**Activity**
Supply the number of lines below containing "access", nothing else.

**Given records**
══════════

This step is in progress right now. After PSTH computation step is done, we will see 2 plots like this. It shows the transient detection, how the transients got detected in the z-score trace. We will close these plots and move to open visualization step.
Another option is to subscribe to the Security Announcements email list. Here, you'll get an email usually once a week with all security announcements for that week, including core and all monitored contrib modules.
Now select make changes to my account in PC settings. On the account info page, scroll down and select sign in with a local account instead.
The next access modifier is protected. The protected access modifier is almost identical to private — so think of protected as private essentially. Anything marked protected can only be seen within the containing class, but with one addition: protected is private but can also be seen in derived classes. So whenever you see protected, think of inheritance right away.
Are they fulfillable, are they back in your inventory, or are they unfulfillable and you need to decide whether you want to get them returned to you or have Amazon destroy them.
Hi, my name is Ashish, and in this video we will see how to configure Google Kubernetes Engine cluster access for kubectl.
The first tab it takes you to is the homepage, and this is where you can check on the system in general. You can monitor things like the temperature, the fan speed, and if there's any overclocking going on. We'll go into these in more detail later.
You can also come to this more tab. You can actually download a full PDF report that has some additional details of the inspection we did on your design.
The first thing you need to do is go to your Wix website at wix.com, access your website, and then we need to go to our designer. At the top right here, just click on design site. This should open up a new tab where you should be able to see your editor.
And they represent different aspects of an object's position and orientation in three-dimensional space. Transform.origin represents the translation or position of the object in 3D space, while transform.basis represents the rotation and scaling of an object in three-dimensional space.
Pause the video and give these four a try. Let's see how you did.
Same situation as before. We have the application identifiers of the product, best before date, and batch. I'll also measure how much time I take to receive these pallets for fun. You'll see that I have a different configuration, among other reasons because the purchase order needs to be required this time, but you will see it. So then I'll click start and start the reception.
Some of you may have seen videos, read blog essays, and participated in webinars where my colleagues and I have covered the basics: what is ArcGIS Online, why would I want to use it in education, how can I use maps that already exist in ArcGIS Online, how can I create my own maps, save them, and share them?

══════════

**Output below**
3